Action item >>
Below is a block of entries; repeat exactly the lines starting at the line that contains "Crimson Harmony: Japanisches" and ending at the line that contains "Figure: Select corresponding channel", both included.

Source data
┌──

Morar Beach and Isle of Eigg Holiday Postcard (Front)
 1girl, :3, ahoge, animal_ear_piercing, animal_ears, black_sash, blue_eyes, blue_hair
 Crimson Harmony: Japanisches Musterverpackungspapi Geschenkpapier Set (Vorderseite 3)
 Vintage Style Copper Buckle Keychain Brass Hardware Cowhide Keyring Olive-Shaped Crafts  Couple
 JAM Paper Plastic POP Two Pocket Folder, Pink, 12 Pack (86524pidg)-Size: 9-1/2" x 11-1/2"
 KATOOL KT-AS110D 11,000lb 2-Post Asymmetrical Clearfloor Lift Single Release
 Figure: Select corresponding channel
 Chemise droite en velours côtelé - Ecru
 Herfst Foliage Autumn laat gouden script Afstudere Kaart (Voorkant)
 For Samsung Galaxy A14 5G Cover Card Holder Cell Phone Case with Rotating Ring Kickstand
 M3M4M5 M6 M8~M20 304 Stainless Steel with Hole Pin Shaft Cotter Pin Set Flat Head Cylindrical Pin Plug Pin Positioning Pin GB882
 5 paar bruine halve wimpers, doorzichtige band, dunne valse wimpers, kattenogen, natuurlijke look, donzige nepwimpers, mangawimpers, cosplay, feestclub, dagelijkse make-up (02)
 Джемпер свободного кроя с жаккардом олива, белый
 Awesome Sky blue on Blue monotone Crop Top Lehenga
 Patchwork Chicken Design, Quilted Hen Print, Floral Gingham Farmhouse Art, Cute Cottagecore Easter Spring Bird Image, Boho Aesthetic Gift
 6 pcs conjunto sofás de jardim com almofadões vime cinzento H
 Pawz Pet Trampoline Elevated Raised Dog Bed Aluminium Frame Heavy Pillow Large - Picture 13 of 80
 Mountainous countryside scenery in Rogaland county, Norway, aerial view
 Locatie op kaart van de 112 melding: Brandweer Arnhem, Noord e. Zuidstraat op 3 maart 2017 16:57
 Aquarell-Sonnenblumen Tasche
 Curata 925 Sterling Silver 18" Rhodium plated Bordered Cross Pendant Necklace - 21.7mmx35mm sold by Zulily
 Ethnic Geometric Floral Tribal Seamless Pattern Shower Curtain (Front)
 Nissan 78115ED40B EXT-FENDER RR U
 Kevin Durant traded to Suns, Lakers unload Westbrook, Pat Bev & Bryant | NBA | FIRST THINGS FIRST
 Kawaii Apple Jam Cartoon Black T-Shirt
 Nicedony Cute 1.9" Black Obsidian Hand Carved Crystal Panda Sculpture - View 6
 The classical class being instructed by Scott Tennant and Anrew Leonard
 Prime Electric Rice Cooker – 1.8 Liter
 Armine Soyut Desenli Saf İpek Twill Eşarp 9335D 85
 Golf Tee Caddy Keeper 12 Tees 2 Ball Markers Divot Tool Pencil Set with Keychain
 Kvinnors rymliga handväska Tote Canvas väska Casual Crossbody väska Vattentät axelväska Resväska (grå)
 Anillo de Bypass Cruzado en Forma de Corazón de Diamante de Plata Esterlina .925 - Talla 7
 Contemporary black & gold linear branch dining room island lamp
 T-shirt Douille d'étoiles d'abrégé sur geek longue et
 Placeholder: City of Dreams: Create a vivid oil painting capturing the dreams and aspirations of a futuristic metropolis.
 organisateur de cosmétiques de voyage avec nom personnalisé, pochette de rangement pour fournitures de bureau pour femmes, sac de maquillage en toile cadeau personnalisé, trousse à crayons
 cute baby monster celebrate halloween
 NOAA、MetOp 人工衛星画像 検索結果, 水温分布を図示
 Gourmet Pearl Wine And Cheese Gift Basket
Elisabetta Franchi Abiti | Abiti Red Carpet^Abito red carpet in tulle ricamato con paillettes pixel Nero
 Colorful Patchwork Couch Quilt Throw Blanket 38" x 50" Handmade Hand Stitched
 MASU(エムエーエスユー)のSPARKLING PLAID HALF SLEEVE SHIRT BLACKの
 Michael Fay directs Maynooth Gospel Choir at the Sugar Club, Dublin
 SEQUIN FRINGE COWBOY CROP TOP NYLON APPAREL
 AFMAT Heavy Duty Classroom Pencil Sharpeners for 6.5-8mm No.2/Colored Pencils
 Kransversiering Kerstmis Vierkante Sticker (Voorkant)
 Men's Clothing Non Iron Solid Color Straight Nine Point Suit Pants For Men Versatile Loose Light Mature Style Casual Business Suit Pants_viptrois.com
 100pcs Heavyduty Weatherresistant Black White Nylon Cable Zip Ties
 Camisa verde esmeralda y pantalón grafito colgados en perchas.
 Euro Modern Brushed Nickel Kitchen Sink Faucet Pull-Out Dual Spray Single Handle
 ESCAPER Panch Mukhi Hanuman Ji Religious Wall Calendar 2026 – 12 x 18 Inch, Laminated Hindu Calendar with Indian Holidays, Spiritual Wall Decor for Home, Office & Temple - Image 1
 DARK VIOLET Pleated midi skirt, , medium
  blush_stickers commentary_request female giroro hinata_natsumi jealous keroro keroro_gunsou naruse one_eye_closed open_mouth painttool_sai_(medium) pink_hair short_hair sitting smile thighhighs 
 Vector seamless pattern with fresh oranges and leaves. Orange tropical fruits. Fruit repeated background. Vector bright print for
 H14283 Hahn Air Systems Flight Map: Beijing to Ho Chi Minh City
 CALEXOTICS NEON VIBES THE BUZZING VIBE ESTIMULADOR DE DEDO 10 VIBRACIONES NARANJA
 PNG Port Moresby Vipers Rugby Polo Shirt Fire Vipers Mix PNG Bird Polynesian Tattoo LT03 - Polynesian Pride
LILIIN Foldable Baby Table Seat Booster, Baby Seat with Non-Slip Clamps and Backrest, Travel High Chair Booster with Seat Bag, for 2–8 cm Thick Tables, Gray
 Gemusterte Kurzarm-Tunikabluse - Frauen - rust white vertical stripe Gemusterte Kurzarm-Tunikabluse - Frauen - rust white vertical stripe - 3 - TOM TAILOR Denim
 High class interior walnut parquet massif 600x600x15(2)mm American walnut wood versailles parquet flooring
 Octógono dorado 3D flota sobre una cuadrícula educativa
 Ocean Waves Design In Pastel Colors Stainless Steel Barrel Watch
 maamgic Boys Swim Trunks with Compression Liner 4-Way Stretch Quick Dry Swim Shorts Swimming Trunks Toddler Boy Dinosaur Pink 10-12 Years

└──

Expected output >>
 Crimson Harmony: Japanisches Musterverpackungspapi Geschenkpapier Set (Vorderseite 3)
 Vintage Style Copper Buckle Keychain Brass Hardware Cowhide Keyring Olive-Shaped Crafts  Couple
 JAM Paper Plastic POP Two Pocket Folder, Pink, 12 Pack (86524pidg)-Size: 9-1/2" x 11-1/2"
 KATOOL KT-AS110D 11,000lb 2-Post Asymmetrical Clearfloor Lift Single Release
 Figure: Select corresponding channel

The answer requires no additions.